• [Task objective] Write out exactly the first lines of the listing, ending on the line that contains "Western blot analysis".

(Excerpted records)

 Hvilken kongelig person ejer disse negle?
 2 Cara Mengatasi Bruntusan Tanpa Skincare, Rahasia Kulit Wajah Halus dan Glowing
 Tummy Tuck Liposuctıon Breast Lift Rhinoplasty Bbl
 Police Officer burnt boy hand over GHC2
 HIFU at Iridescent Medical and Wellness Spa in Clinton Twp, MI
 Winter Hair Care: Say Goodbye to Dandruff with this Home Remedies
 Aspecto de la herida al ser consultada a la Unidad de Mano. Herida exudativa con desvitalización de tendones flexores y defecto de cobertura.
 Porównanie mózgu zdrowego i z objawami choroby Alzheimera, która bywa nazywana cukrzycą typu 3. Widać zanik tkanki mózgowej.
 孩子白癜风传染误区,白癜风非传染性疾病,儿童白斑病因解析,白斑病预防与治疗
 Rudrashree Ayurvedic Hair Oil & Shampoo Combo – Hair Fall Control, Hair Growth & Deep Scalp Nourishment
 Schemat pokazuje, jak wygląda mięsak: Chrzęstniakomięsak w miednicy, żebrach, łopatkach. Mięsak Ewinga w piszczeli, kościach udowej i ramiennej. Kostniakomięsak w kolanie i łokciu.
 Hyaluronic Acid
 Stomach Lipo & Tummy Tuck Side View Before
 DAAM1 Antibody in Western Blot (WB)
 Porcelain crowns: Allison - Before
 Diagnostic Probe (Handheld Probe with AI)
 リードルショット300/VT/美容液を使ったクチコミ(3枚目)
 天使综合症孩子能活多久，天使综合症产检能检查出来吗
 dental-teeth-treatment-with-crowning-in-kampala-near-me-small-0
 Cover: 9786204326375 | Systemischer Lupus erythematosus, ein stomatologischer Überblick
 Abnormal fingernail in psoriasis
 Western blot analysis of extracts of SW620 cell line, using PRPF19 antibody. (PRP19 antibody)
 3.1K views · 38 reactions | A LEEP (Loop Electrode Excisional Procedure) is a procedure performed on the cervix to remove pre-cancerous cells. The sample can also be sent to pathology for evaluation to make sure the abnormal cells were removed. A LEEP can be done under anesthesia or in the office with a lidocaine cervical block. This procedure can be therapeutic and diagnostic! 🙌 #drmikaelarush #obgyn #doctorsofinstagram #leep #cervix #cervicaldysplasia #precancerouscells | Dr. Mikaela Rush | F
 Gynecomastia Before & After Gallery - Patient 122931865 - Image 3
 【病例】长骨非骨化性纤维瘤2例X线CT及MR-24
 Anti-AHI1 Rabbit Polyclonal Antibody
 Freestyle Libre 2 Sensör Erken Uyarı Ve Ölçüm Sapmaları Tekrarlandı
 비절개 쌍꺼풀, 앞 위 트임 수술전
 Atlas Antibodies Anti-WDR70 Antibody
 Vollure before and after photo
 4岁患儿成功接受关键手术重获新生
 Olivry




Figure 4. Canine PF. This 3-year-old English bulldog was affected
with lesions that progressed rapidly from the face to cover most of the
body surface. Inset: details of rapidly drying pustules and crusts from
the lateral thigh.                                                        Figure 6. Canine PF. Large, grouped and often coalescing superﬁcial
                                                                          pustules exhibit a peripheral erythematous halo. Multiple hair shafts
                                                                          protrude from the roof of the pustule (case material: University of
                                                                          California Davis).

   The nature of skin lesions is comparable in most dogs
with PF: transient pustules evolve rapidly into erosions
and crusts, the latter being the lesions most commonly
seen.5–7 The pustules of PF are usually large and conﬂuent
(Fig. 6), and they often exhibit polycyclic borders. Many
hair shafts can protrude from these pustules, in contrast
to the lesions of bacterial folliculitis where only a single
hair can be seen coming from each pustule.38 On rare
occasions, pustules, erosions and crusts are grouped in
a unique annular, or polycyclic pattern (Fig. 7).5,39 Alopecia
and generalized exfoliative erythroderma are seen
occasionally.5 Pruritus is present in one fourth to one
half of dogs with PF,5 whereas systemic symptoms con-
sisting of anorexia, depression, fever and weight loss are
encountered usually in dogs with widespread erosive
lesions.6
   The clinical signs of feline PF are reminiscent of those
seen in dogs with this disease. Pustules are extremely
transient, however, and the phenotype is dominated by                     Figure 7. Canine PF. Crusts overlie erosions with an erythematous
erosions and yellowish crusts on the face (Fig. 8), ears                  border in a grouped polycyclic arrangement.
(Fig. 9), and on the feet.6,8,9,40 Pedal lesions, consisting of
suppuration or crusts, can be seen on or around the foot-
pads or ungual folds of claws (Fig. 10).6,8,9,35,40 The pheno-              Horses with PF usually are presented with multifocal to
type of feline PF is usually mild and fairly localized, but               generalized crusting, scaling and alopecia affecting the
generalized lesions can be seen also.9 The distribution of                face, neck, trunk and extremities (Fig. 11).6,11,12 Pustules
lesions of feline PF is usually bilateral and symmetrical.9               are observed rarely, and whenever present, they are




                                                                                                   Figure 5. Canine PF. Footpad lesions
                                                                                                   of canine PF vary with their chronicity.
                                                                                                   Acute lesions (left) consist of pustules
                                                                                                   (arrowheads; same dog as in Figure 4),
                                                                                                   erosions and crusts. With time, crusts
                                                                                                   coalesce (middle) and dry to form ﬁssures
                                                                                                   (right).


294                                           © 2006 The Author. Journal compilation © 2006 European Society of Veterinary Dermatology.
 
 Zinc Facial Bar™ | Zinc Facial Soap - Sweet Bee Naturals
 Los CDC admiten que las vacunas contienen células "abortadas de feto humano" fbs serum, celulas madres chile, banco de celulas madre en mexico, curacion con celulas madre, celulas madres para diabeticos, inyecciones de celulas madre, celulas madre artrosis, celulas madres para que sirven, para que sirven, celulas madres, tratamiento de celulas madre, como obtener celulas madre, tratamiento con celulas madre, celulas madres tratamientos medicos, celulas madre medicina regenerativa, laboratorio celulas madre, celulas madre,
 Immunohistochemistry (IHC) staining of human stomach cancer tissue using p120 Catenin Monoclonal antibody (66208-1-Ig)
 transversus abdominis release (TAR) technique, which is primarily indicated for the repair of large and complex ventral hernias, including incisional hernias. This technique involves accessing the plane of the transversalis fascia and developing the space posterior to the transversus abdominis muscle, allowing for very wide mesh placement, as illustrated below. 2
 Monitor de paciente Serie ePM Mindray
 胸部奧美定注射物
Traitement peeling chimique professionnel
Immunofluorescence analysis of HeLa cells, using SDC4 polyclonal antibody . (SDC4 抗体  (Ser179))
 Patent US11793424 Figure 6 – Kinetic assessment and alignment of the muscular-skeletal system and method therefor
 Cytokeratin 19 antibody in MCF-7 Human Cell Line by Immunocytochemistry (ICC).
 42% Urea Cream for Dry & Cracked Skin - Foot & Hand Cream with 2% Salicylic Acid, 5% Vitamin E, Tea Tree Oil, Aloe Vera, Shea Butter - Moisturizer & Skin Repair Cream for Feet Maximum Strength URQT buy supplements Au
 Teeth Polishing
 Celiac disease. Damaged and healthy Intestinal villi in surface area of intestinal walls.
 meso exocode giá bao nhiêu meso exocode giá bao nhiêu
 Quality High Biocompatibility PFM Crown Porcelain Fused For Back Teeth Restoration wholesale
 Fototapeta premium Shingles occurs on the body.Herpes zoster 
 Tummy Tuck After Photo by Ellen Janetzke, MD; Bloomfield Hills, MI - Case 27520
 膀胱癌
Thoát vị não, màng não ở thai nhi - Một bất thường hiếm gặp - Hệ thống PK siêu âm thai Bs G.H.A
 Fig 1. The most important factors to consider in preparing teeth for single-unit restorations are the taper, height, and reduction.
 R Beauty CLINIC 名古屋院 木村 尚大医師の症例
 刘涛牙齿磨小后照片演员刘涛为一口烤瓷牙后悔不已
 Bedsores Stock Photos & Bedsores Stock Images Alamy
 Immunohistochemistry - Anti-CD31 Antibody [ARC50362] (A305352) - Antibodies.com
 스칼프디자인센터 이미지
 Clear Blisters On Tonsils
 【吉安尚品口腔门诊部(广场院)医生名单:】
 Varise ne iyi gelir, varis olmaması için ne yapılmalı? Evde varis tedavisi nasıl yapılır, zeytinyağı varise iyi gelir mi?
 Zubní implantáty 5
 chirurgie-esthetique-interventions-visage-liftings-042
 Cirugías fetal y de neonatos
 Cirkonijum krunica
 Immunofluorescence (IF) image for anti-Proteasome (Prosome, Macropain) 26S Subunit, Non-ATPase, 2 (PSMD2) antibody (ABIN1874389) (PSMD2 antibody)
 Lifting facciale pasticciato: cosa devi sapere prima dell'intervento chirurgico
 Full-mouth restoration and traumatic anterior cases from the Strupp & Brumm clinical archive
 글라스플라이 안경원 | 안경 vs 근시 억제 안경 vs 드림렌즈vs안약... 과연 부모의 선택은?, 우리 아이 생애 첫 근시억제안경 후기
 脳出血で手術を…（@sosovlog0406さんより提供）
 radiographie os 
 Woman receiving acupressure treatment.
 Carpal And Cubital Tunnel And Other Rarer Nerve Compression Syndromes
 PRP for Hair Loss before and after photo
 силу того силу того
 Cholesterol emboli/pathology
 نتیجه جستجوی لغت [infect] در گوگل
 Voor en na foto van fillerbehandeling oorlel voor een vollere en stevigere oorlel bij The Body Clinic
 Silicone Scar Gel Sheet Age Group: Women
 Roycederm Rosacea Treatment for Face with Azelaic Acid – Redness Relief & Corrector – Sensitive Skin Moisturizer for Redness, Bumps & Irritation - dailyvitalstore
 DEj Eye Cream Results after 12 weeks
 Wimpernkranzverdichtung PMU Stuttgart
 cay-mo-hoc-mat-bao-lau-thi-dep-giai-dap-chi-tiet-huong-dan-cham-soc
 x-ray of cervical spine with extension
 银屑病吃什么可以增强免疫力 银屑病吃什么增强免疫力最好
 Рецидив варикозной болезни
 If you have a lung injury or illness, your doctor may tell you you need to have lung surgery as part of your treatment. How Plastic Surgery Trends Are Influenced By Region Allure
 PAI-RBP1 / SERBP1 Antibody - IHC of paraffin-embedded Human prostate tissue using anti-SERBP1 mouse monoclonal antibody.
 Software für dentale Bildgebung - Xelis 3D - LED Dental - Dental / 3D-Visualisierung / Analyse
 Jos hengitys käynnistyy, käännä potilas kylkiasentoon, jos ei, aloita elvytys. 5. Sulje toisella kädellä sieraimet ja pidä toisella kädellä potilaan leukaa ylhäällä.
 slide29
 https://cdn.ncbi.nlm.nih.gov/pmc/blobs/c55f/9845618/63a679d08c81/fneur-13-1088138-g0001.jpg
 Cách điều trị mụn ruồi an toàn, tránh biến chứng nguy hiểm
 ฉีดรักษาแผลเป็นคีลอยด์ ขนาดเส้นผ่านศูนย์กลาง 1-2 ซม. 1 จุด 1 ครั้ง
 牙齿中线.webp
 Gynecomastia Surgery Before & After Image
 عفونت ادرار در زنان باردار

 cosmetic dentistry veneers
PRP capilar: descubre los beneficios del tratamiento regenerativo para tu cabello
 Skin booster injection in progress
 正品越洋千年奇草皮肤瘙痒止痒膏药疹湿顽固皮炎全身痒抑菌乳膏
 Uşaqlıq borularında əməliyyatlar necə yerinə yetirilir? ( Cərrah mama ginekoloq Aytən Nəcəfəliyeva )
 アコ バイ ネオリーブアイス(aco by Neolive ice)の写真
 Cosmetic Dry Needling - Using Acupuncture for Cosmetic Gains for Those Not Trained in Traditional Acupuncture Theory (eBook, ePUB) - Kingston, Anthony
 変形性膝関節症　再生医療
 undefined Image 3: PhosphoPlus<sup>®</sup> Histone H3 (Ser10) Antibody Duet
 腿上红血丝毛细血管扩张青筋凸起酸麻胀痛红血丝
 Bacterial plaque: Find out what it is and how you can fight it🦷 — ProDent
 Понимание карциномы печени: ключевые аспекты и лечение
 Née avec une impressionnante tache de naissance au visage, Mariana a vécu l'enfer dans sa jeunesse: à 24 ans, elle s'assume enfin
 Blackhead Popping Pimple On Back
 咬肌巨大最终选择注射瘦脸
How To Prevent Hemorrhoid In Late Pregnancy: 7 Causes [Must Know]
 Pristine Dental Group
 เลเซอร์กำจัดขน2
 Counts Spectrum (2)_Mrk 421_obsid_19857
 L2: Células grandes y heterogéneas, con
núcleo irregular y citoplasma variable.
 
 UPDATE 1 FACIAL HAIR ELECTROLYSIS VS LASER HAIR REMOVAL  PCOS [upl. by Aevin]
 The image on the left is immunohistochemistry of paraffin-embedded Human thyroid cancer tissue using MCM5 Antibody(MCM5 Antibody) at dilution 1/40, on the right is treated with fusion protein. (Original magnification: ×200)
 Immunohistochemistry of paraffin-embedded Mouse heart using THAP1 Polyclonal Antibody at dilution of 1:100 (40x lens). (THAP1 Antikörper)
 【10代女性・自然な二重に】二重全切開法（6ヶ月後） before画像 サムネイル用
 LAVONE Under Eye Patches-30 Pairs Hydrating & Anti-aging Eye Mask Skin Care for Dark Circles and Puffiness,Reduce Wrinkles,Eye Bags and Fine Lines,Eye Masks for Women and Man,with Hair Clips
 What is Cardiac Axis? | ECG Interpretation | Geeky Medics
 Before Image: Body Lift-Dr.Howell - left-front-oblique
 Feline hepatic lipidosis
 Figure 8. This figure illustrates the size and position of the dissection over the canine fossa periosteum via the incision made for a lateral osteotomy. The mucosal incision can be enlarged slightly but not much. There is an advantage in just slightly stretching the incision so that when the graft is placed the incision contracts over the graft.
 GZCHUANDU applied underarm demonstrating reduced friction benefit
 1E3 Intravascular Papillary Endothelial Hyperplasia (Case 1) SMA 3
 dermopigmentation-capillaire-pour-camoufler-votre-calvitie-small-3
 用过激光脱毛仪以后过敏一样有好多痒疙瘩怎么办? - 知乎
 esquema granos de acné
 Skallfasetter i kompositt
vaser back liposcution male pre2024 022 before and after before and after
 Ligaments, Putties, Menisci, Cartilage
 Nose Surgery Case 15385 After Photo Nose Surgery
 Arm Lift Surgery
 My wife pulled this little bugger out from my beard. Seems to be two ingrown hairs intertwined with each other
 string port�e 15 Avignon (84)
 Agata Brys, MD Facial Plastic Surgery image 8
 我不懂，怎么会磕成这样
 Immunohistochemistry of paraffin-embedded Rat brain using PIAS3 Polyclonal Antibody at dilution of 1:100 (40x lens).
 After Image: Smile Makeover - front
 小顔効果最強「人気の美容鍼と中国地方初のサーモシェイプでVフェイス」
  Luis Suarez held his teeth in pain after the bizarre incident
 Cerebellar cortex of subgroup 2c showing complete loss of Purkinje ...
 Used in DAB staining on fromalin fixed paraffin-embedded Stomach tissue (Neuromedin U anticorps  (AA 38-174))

(End Excerpted records)

• [Exercise response]
 Hvilken kongelig person ejer disse negle?
 2 Cara Mengatasi Bruntusan Tanpa Skincare, Rahasia Kulit Wajah Halus dan Glowing
 Tummy Tuck Liposuctıon Breast Lift Rhinoplasty Bbl
 Police Officer burnt boy hand over GHC2
 HIFU at Iridescent Medical and Wellness Spa in Clinton Twp, MI
 Winter Hair Care: Say Goodbye to Dandruff with this Home Remedies
 Aspecto de la herida al ser consultada a la Unidad de Mano. Herida exudativa con desvitalización de tendones flexores y defecto de cobertura.
 Porównanie mózgu zdrowego i z objawami choroby Alzheimera, która bywa nazywana cukrzycą typu 3. Widać zanik tkanki mózgowej.
 孩子白癜风传染误区,白癜风非传染性疾病,儿童白斑病因解析,白斑病预防与治疗
 Rudrashree Ayurvedic Hair Oil & Shampoo Combo – Hair Fall Control, Hair Growth & Deep Scalp Nourishment
 Schemat pokazuje, jak wygląda mięsak: Chrzęstniakomięsak w miednicy, żebrach, łopatkach. Mięsak Ewinga w piszczeli, kościach udowej i ramiennej. Kostniakomięsak w kolanie i łokciu.
 Hyaluronic Acid
 Stomach Lipo & Tummy Tuck Side View Before
 DAAM1 Antibody in Western Blot (WB)
 Porcelain crowns: Allison - Before
 Diagnostic Probe (Handheld Probe with AI)
 リードルショット300/VT/美容液を使ったクチコミ(3枚目)
 天使综合症孩子能活多久，天使综合症产检能检查出来吗
 dental-teeth-treatment-with-crowning-in-kampala-near-me-small-0
 Cover: 9786204326375 | Systemischer Lupus erythematosus, ein stomatologischer Überblick
 Abnormal fingernail in psoriasis
 Western blot analysis of extracts of SW620 cell line, using PRPF19 antibody. (PRP19 antibody)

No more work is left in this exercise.